[[ Information shown open ]]
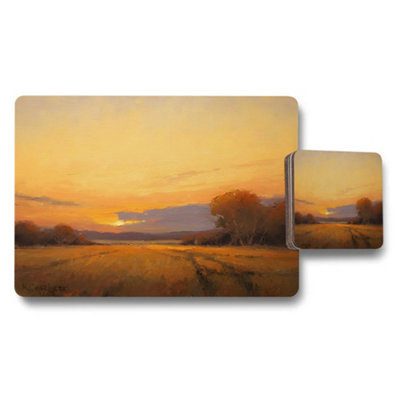 B&Q -  Sunset Field Landscape Placemats And Coaster Set Golden Hour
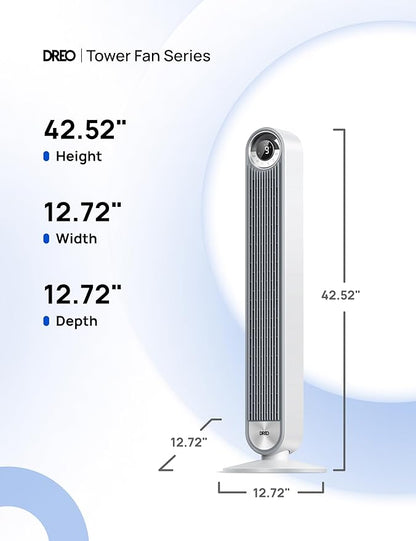 Dreo Tower Fan for Bedroom, Upgrated DC 9 Speeds Ultra-Quiet Floor Fan - Image 7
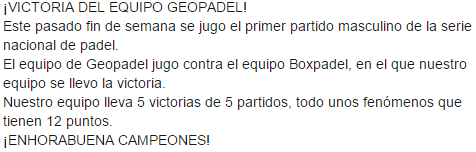 geopadel's tweet photo. ¡VICTORIA EQUIPO GEOPADEL!
El pasado fin de semana se jugo el 1er partido masculino de la serie nacional de padel. https://t.co/HLKhYRx9Hq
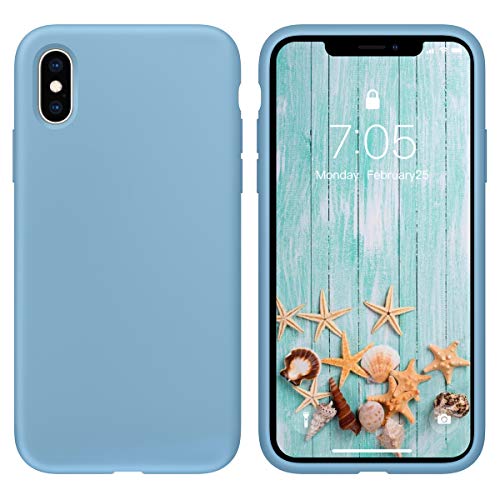 Product Cover Case for iPhone X/iPhone Xs Liquid Silicone Gel Rubber Phone Case,iPhone X/iPhone Xs 5.8 Inch Full Body Slim Soft Microfiber Lining Protective Case（Cornflower）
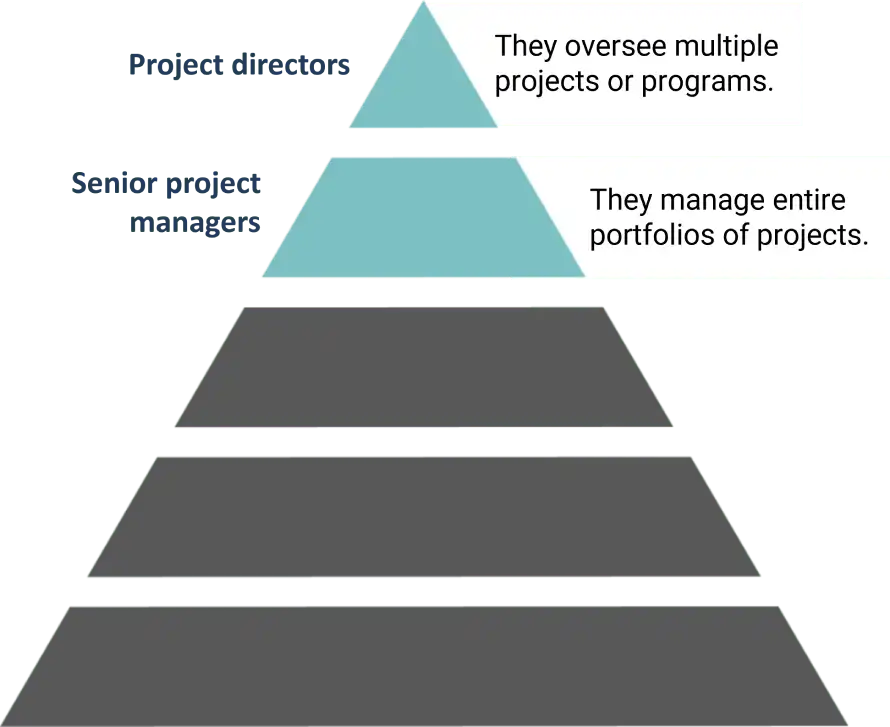 Project management senior roles Pyramid showing senior roles on top: Directors oversee projects, Senior Managers handle project portfolios.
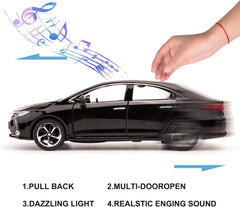 BDTCTK Compatible for 1:32 Corolla Model Car, Zinc Alloy Pull Back Toy Car with Sound and Light for Kids Boy Girl Black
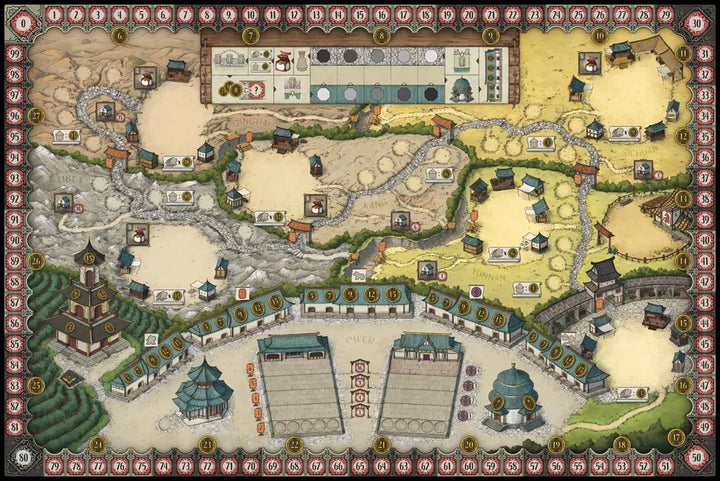 A photo of the game board from the board game Yunnan. The board art shows a complete town from overhead, with a scoretrack around the edges.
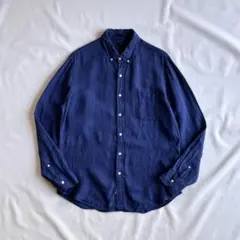 00s J.CREW indigo dye Irish linen shirt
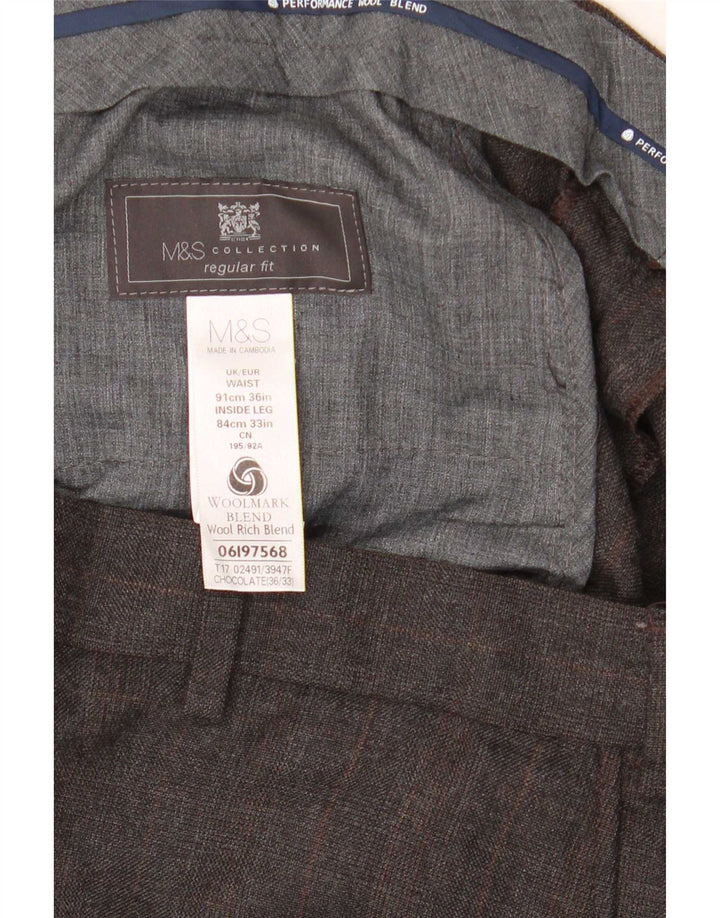 Marks & Spencer Herren-Anzughose, gerade, normale Passform, W36, L33, graue Wolle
[[ Information shown closed ]]
**Task brief:** Leaving out every picture, transcribe exactly the lines from the line that contains "A photo of the" through the final line of the entries above.

**Task solution:**
 A photo of the game board from the board game Yunnan. The board art shows a complete town from overhead, with a scoretrack around the edges.
 00s J.CREW indigo dye Irish linen shirt
 Marks & Spencer Herren-Anzughose, gerade, normale Passform, W36, L33, graue Wolle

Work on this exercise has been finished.